Notre avis sur Les morts ne chantent pas en livre audio
J'ai ouvert ce onzième tome avec la petite appréhension qu'on ressent quand un personnage qu'on aime part à la retraite: Carl Mørck a quitté le Département V, et voilà que le crime le rattrape par une bande sonore glaçante, la voix d'une femme agressée, puis un silence brutal. Cette entrée en matière m'a saisie, parce qu'elle repose entièrement sur le son, sur ce qu'on entend et qu'on ne devrait pas entendre. En livre audio, ce dispositif prend une résonance presque physique.
Avec 4,9/5 sur 11 avis, l'accueil est enthousiaste, et je comprends pourquoi. Un lecteur avoue avoir eu très peur en découvrant ce volume à mi-chemin entre la suite et le spin-off, redoutant le roman de trop, avant de se laisser emporter par un page-turner très réussi. Une autre s'est réjouie de retrouver Carl, Assad et Rose, et de faire connaissance avec la nouvelle recrue du service, saluant une ambiance différente mais toujours aussi prenante. Je les rejoins sans réserve.
Pourquoi écouter Les morts ne chantent pas en livre audio ?
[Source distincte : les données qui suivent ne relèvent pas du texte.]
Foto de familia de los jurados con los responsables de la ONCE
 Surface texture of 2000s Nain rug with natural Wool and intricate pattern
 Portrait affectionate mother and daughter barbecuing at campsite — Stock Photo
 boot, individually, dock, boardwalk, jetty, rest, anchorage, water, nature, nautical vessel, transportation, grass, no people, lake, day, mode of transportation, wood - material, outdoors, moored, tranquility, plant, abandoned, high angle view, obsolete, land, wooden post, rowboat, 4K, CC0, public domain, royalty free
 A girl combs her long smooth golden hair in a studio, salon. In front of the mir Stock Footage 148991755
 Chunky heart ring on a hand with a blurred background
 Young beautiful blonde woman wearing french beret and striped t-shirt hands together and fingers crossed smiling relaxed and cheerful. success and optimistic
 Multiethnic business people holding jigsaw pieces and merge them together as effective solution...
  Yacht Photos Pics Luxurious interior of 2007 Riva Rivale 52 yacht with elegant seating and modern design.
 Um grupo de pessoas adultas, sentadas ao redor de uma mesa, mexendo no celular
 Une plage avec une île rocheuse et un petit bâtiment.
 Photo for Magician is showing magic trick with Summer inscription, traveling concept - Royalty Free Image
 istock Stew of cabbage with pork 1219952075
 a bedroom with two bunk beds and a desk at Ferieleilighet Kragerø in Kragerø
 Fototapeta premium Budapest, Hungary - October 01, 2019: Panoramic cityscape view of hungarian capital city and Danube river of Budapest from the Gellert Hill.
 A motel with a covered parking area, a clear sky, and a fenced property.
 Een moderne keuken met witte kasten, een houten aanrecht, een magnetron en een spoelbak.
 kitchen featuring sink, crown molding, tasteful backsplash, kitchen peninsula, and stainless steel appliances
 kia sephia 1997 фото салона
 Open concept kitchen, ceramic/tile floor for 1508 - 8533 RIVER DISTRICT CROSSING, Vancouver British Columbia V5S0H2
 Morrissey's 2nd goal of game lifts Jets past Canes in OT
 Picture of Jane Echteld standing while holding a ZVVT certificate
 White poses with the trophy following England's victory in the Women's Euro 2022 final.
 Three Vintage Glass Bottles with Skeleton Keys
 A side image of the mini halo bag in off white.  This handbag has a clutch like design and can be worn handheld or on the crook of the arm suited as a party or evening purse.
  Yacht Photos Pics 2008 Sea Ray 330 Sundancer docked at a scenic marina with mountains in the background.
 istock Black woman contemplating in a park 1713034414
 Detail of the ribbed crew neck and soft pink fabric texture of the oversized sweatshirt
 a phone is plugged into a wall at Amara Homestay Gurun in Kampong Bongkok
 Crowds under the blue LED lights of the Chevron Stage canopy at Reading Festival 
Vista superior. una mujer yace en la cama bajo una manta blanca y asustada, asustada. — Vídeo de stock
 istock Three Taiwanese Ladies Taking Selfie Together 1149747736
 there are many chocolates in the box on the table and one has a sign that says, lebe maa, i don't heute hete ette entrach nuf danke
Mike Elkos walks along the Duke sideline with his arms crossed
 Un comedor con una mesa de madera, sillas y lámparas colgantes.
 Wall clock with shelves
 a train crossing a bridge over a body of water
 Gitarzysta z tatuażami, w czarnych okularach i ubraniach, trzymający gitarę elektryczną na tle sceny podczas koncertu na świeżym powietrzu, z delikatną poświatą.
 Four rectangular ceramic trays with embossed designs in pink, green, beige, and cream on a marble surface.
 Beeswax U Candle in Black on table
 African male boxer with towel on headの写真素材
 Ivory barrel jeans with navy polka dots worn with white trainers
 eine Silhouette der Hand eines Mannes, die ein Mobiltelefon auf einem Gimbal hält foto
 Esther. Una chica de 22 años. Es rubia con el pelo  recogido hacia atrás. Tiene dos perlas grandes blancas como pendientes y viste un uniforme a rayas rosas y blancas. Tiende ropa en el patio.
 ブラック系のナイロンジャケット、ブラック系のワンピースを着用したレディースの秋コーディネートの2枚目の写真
Le format audio tombe à pic pour un roman dont l'élément déclencheur est justement un enregistrement. Julien Chatelet donne corps à toute la galerie du Département V, du bougon Carl à l'énigmatique Assad, et sa manière de baisser la voix sur la fameuse bande sonore fait courir un frisson bien réel. On a l'impression d'écouter par-dessus l'épaule des enquêteurs, penchés sur le même appareil, à guetter le détail qui trahira le meurtrier.
Quinze heures et quarante-huit minutes, c'est une belle plongée, à la mesure de ces polars nordiques qui aiment prendre leur temps pour tisser les fils. La durée laisse respirer les fausses pistes, les non-dits de l'équipe, la lente remontée vers une affaire vieille de plusieurs décennies. Chatelet tient la distance et ménage le suspense sur toute la longueur, si bien qu'on ne sent jamais l'attente, seulement l'envie de savoir jusqu'où cette voix enregistrée va nous mener.
Ce que vous allez découvrir
Tout part d'une vieille affaire classée, un drame conjugal suivi d'un suicide, que la bande sonore vient soudain requalifier: ce n'était pas un désespoir, c'était un meurtre. À la demande de Carl, le Département V, en piètre état depuis son départ, rouvre le dossier et lève le voile sur des faits qui remonteraient à la fin des années 1980. La grande question qui traverse le roman, combien de temps peut-on être tenu pour responsable de ses actes, hante chaque page.
Sans rien révéler du dénouement, sachez que Jussi Adler-Olsen mêle ici l'enquête pure aux blessures intimes de son équipe abîmée. La culpabilité, le poids du temps, la loyauté d'un service en lambeaux et l'arrivée d'un sang neuf composent une mécanique aussi humaine que retorse. On avance dans le brouillard danois, entre archives poussiéreuses et confidences arrachées, vers une vérité qui, chez cet auteur, n'est jamais celle que l'on croyait tenir.
À qui s'adresse ce livre audio ?
Les fidèles du Département V se jetteront dessus, évidemment, ravis de renouer avec Carl, Assad et Rose. Mais je le recommande aussi aux amateurs de polar scandinave qui aiment les enquêtes touffues, les personnages cabossés et les affaires classées qui refusent de rester enterrées. Ce onzième tome étant tardif dans la série, je vous conseille, si vous débutez, de commencer par les tout premiers volets pour vous attacher à l'équipe avant ce tournant.
Pour l'écoute, ce roman se savoure sur la durée, lors de longs trajets d'hiver ou de soirées où l'on n'a pas envie de lâcher le fil. Sa densité récompense l'attention continue: gardez-le pour les moments où vous pourrez vraiment suivre les enquêteurs sans coupure. Et si les avis parlent d'une ambiance différente, c'est justement là qu'est le plaisir, celui de voir une saga aimée oser un nouveau chapitre.